━━ SOURCE INFORMATION ━━

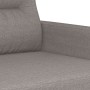 Zweiplätziges Sofa aus grauem Taupe-Stoff, 140 cm. von , Sofas - Ref: Foro24-359242, Preis: 210,29 €, Rabatt: %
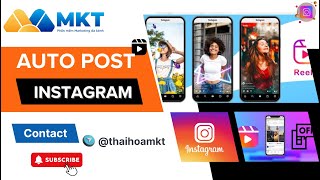 Auto Post Instagram  Automate Instagram Posts [upl. by Kiona]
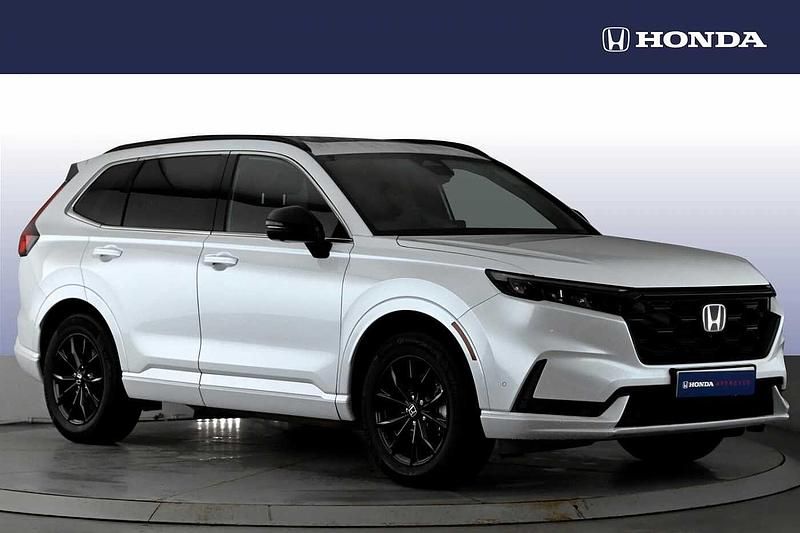 Used Honda CR-V Advance 184 HP (135 kW) 2024 Pearl platinum white SUV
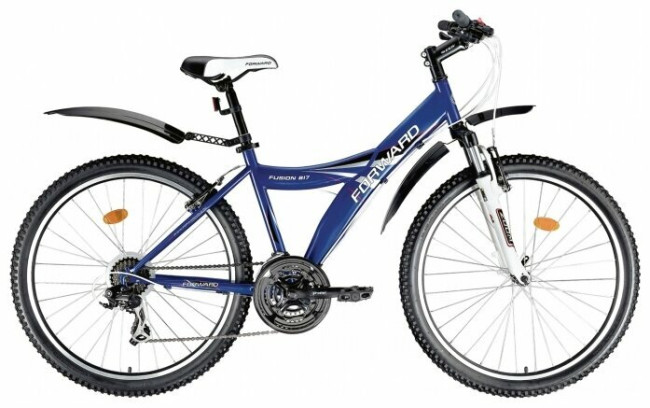 Горный (MTB) велосипед FORWARD Fusion 817 (2011)
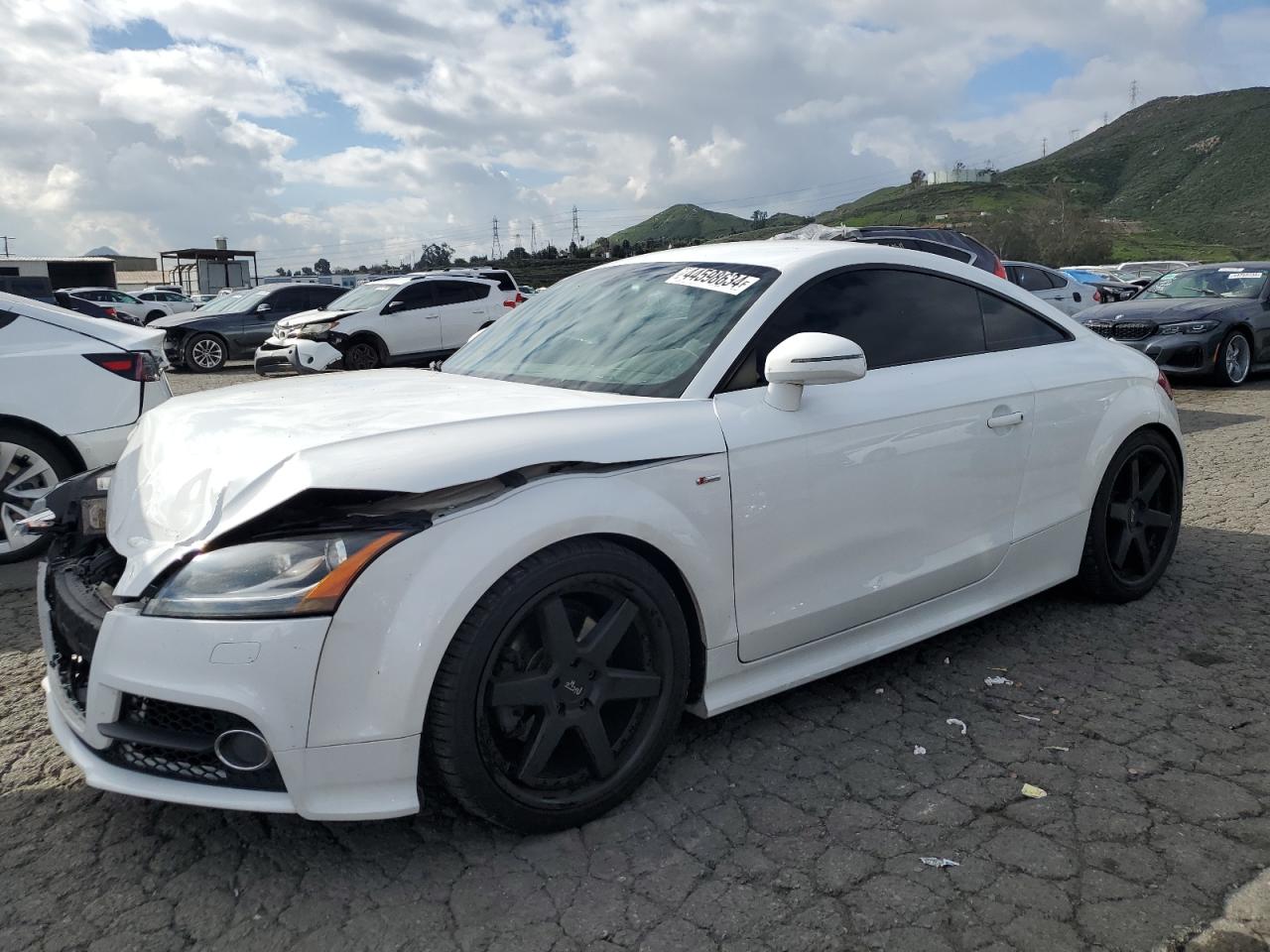 audi tt 2012 trubfafk0c1005936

━━━

An exact copy of every line above is needed, without the images.

 Zweiplätziges Sofa aus grauem Taupe-Stoff, 140 cm. von , Sofas - Ref: Foro24-359242, Preis: 210,29 €, Rabatt: %
 Auto Post Instagram  Automate Instagram Posts [upl. by Kiona]
 Used Honda CR-V Advance 184 HP (135 kW) 2024 Pearl platinum white SUV
 Горный (MTB) велосипед FORWARD Fusion 817 (2011)
 audi tt 2012 trubfafk0c1005936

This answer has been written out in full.